#### ENTRIES SUPPLIED:
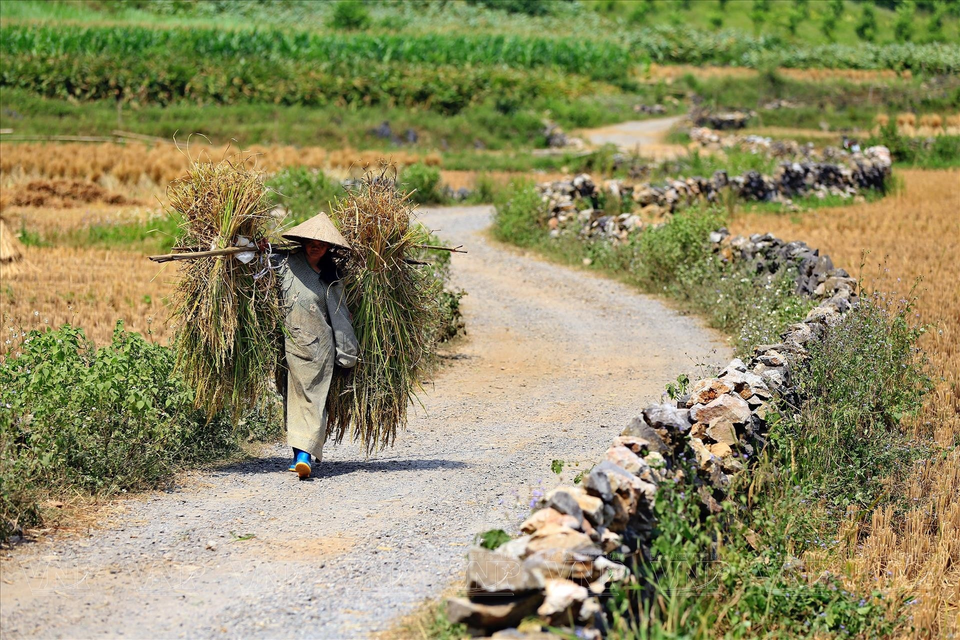 El camino hacia el monte "Ojo de Dios" está flanqueado a ambos lados por campos de arroz con vallas de piedra dispuestas por la población local. (Fuente: Revista Vietnam)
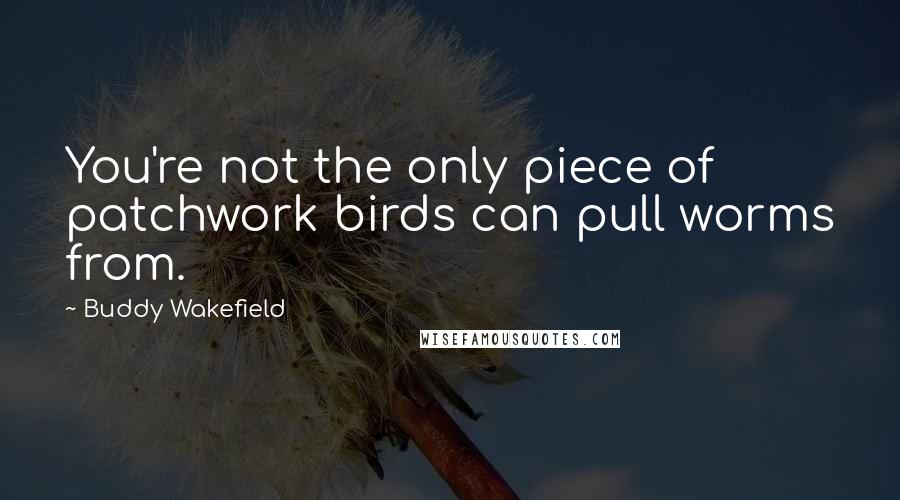 Buddy Wakefield Quotes: You're not the only piece of patchwork birds can pull worms from.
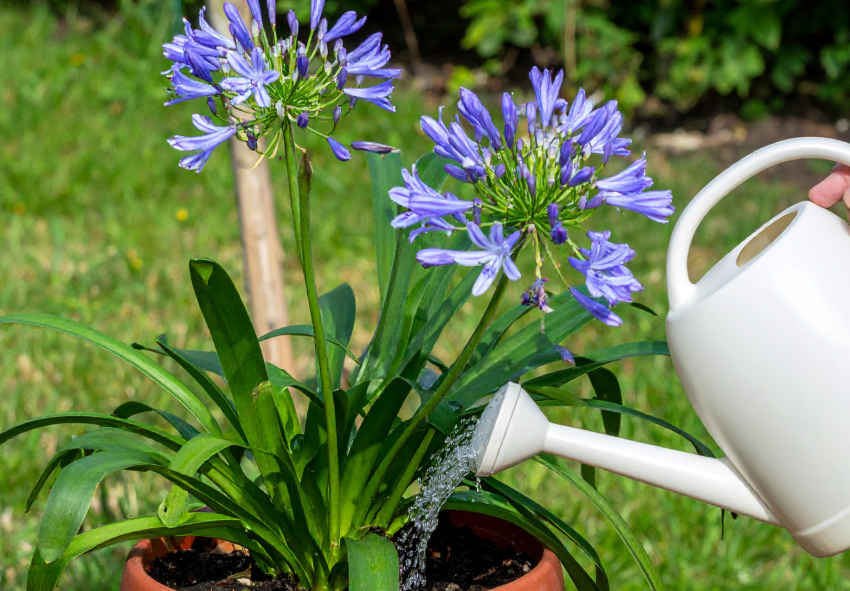 ideias de jardim com agapantos coloridos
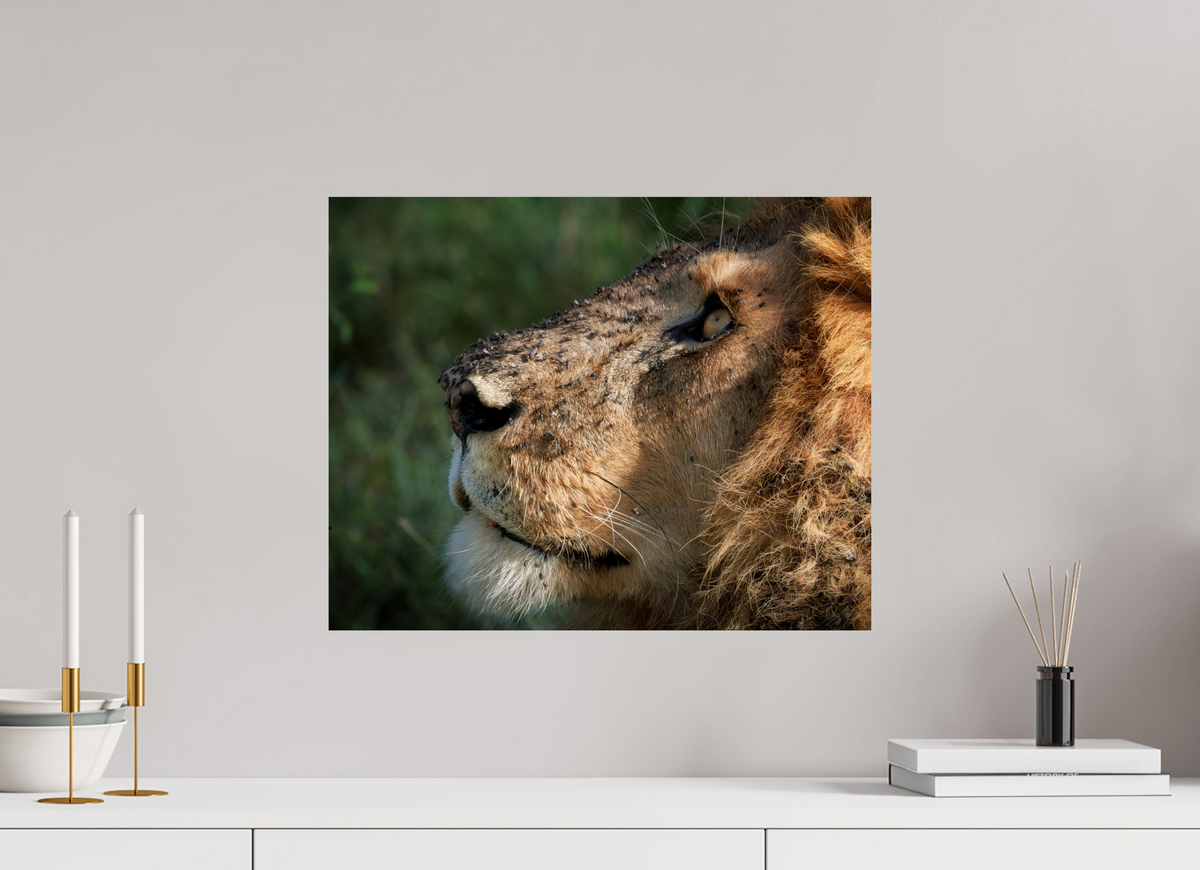 20 x 16″, Giclée Alu-Dibond The King of Most Beasts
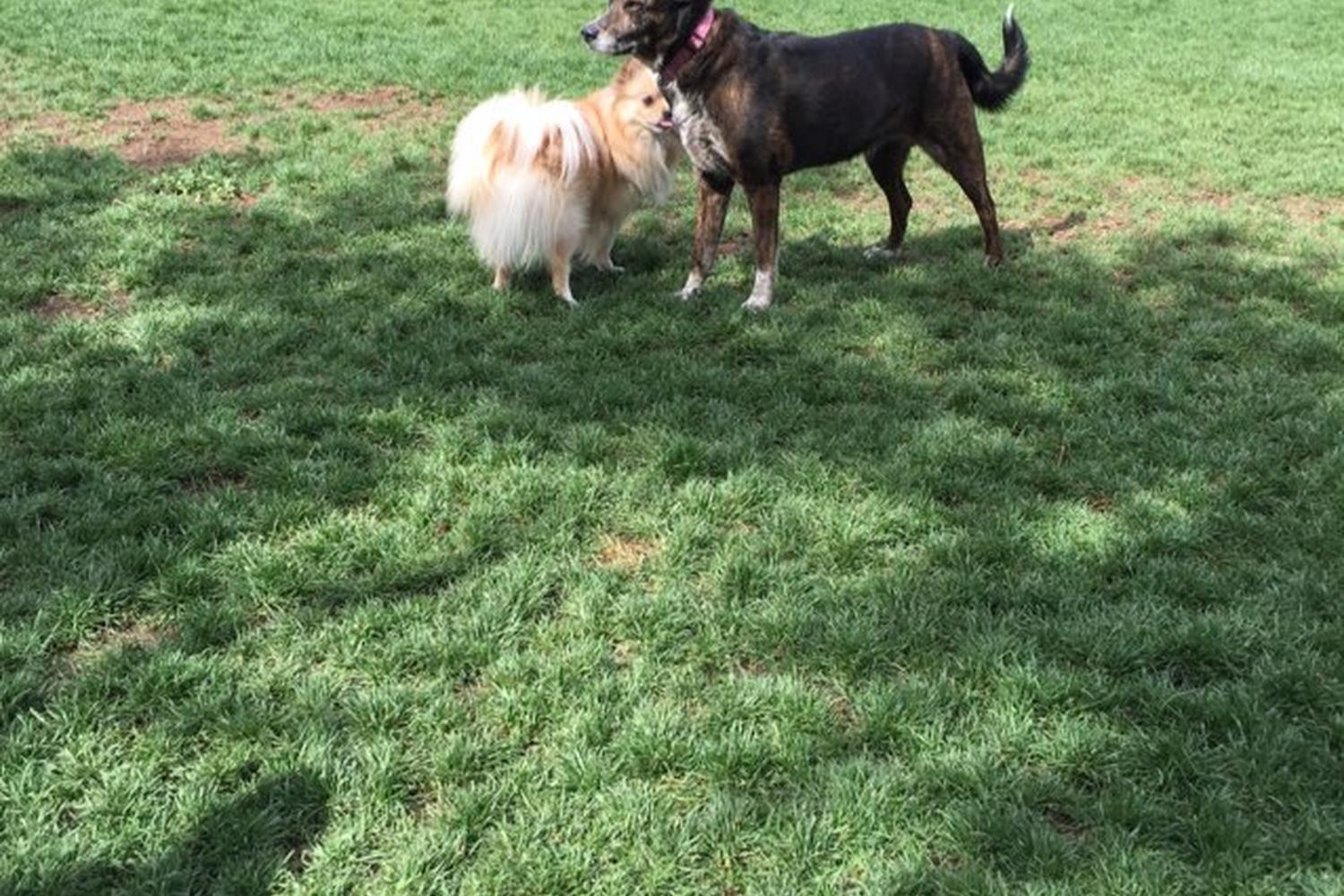 Woodglen Vista Dog Park 4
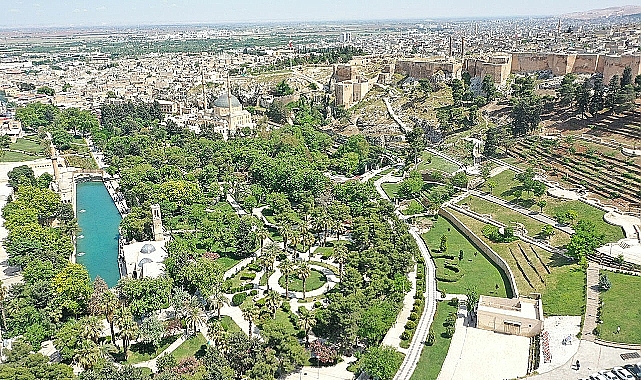 Şanlıurfa'da Kaç Mahalle Var?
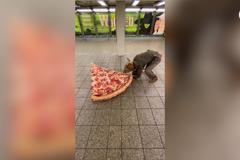 Lidí se trochu bojí, ale za tu pizzu to stojí. Newyorský pizza krysák začíná být ve městě populární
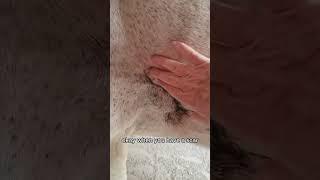 How to Soften Scar Tissue on Horses | Holistic Horseworks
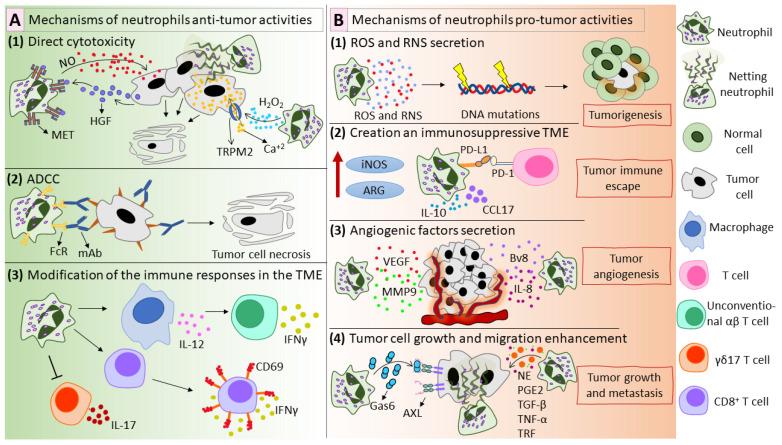 https://cdn.ncbi.nlm.nih.gov/pmc/blobs/0b12/9779721/0ac94196e98f/ijms-23-15827-g002.jpg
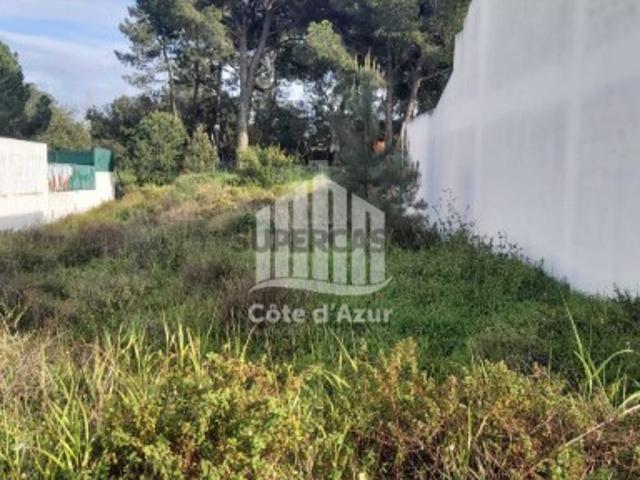 Terreno venda em Azeitão (São Lourenço e São Simão), Setúbal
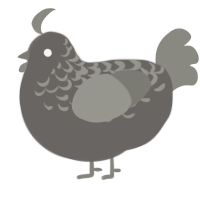 (unnamed), a grey and ash chicken with a half-lace pattern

#### WHAT IS BEING ASKED:
Full copy, no pictures: write out each line of the data exactly as it stands.

#### OUTPUT FOR THIS EXERCISE:
 El camino hacia el monte "Ojo de Dios" está flanqueado a ambos lados por campos de arroz con vallas de piedra dispuestas por la población local. (Fuente: Revista Vietnam)
 Buddy Wakefield Quotes: You're not the only piece of patchwork birds can pull worms from.
 ideias de jardim com agapantos coloridos
 20 x 16″, Giclée Alu-Dibond The King of Most Beasts
 Woodglen Vista Dog Park 4
 Şanlıurfa'da Kaç Mahalle Var?
 Lidí se trochu bojí, ale za tu pizzu to stojí. Newyorský pizza krysák začíná být ve městě populární
 How to Soften Scar Tissue on Horses | Holistic Horseworks
 https://cdn.ncbi.nlm.nih.gov/pmc/blobs/0b12/9779721/0ac94196e98f/ijms-23-15827-g002.jpg
 Terreno venda em Azeitão (São Lourenço e São Simão), Setúbal
 (unnamed), a grey and ash chicken with a half-lace pattern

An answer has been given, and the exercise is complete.